Unter dem Rekursgrund der Aktenwidrigkeit wendet sich der Antragsteller dagegen, daß das Rekursgericht in seinem Spruch die Leistung von Jahresraten von 2.000 S als unbekämpft angeführt hat. Hiebei handelt es sich jedoch um einen offensichtlichen Schreibfehler des Rekursgerichtes, wie sich schon aus der Zitierung der Anfechtungserklärung der angefochtenen Entscheidung (S 311 des Aktes) ergibt. Dieser Fehler konnte daher gemäß § 419 ZPO jederzeit von Amts wegen, und zwar auch durch eine höhere Instanz berichtigt werden (7 Ob 614/86, 1 Ob 1541/85).
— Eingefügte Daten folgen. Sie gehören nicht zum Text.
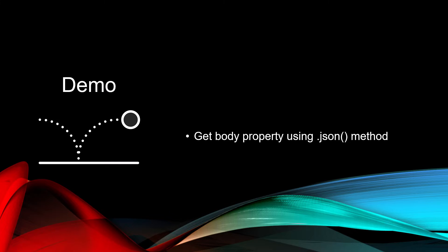Now obviously we want to get at our data, so we want to get at our response object that has that data property, so we can grab the list of person objects or customers or employees or whatever you're returning. So let's take a look at how to get that body property using the .json method.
Demnach hatte der Oberste Gerichtshof eine solche Berichtigung vorzunehmen, womit dem Anfechtungsgrund der Aktenwidrigkeit, der im übrigen in § 323 AußStrG nicht genannt ist, der Bogen entzogen ist. Die bei der Festsetzung der Ausgleichszahlung nach § 94 Abs. 1 EheG zu beachtende Billigkeit hat auch darauf Rücksicht zu nehmen, daß nach dem konkreten Standard der beiderseitigen Lebensverhältnisse die wirtschaftliche Grundlage der nunmehr getrennten Lebensführung für beide seinerzeitigen Ehegatten, soweit dies möglich ist, gesichert bleibt. Hiebei müssen grundsätzlich die Interessen beider vormaligen Ehepartner veranschlagt werden. Jede Zahlungsverpflichtung eines vormaligen Ehegatten, die diesen selbst in seiner neuen wirtschaftlichen Lage nicht wohlbestehen ließe, widerspräche daher der nach § 94 Abs. 1 EheG zu beachtenden Billigkeit (6 Ob 702/81, 1 Ob 678/85 ua.). Daß hiebei derjenige, der grundsätzlich zur Leistung einer Ausgleichszahlung verpflichtet ist, seine gesamten Kräfte nach Möglichkeit anzuspannen hat, hat das Rekursgericht eingehend und zutreffend dargelegt, wie überhaupt seine gesamten Rechtsausführungen der ständigen Judikatur entsprechen, zur Vermeidung von Wiederholungen, wird daher auf diese Ausführungen verwiesen. Die auferlegte Ausgleichszahlung darf nicht dazu führen, daß der dazu Verpflichtete gezwungen ist, jene Gebrauchsgegenstände, die ihm überlassen wurden, zur Gänze zu veräußern. Ein solches Ergebnis würde dem Sinn des Aufteilungsverfahrens widersprechen. Entgegen der Rechtsansicht des Antragstellers hat daher das Rekursgericht richtig erkannt, daß auch die Möglichkeiten der Antragsgegnerin zur Aufbringung einer Ausgleichszahlung in die Billigkeitserwägungen einzubeziehen sind. Die vom Rekursgericht vorgenommene rechtliche Beurteilung ist demnach richtig.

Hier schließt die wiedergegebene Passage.